Manuel Pinheiro Chagas. Quase ao mesmo tempo em que José Feliciano de
Castilho divulgava no Correio Mercantil, do Rio de Janeiro, o manifesto
maniqueu a que já aludimos, Pinheiro Chagas aproveitava as colunas do
Jornal do Comércio para, a pretexto de referências feitas ao livro Solidões,
de Ernesto Pinto de Almeida, derrancar vigorosamente o sestro filosofante
de certa "poesia social". Dizia, a este propósito: "A filosofia hegeliana,
ligando-se em monstruoso himeneu com a poesia, deu à luz um aborto, que
se chama simbolismo ou coisa assim, que nos anda impressionando com as
suas produções ermas de senso comum, e onde o sentimento, o frescor, o
lirismo e a paixão cedem o passo a umas rêvasseries filosóficas, que nem
Édipo, nem Hegel, nem Satanás seriam capazes de entender.

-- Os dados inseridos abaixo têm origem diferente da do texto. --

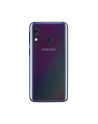 Smartfon Samsung Galaxy A40 64GB Black (5 9 ; Super AMOLED; 2340x1080; 4GB; 3100mAh) - nr 12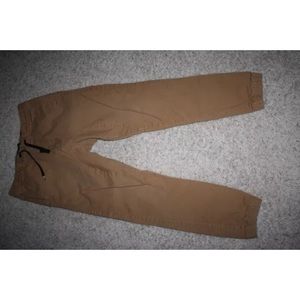 Cotton On Khaki Jogger Pants like Kith Mercer Pant
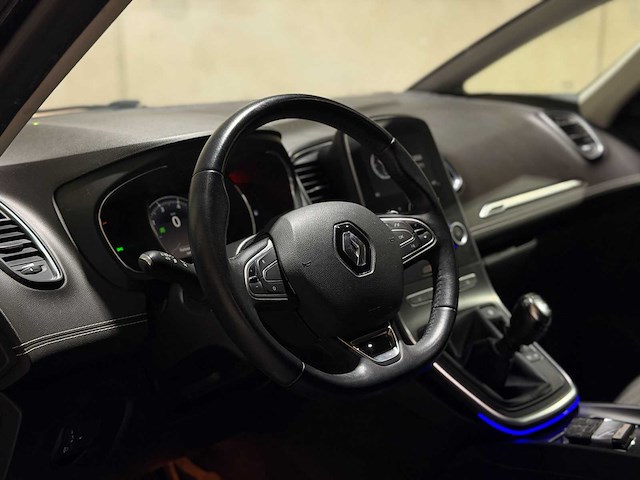 Renault scénic 1.2 tce intens 132pk 2017, st-385-p - afbeelding 9 van  37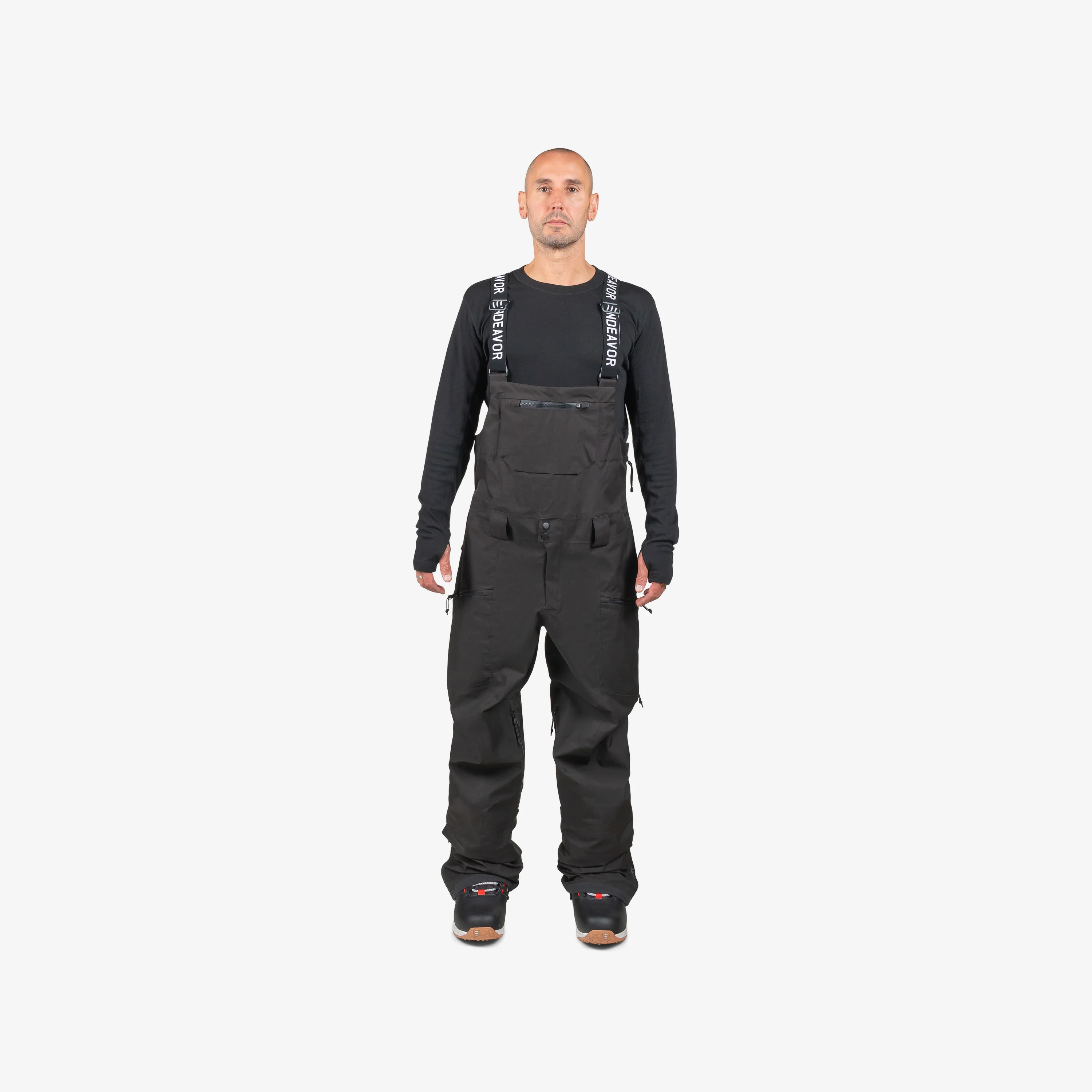 Endeavor 3L Shelter Bib Pant - Image 2
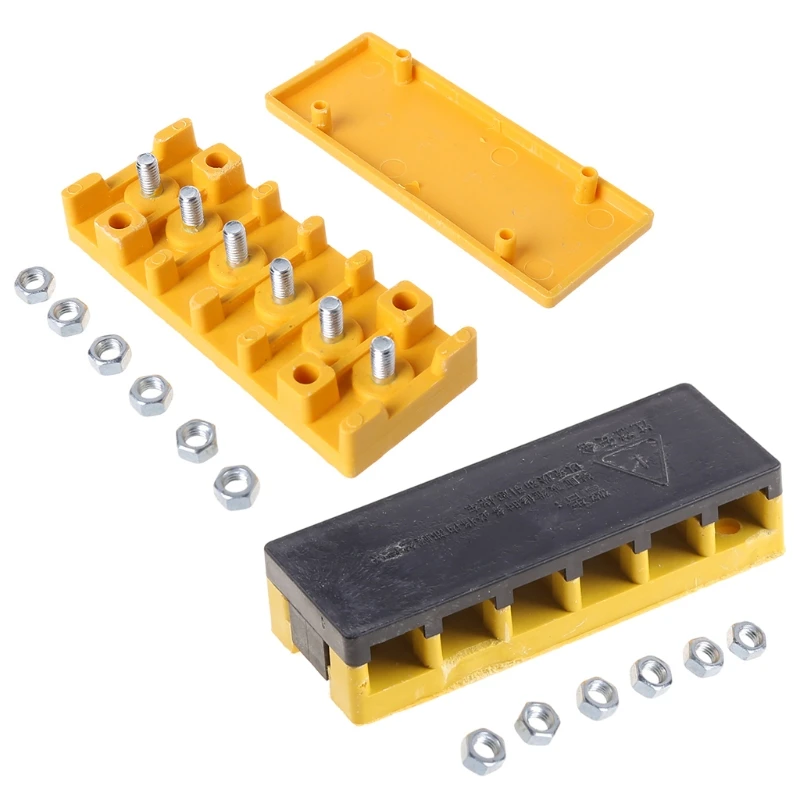 Electric Bicycle Motor Controller Wire Connection Box Battery Connector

A poesia, que
traduz simplesmente os íntimos afectos, os encantos da natureza, as
paisagens inundadas de luz, as almas inundadas de amor, é considerada
como uma burguesa parva, que não percebe a alta missão que tem a cumprir.
Apolo emancipou-se, fez-se leitor, e não sei mesmo se cabo da polícia. A
poesia vai dando em cantar as eleições municipais, e os impostos indirectos.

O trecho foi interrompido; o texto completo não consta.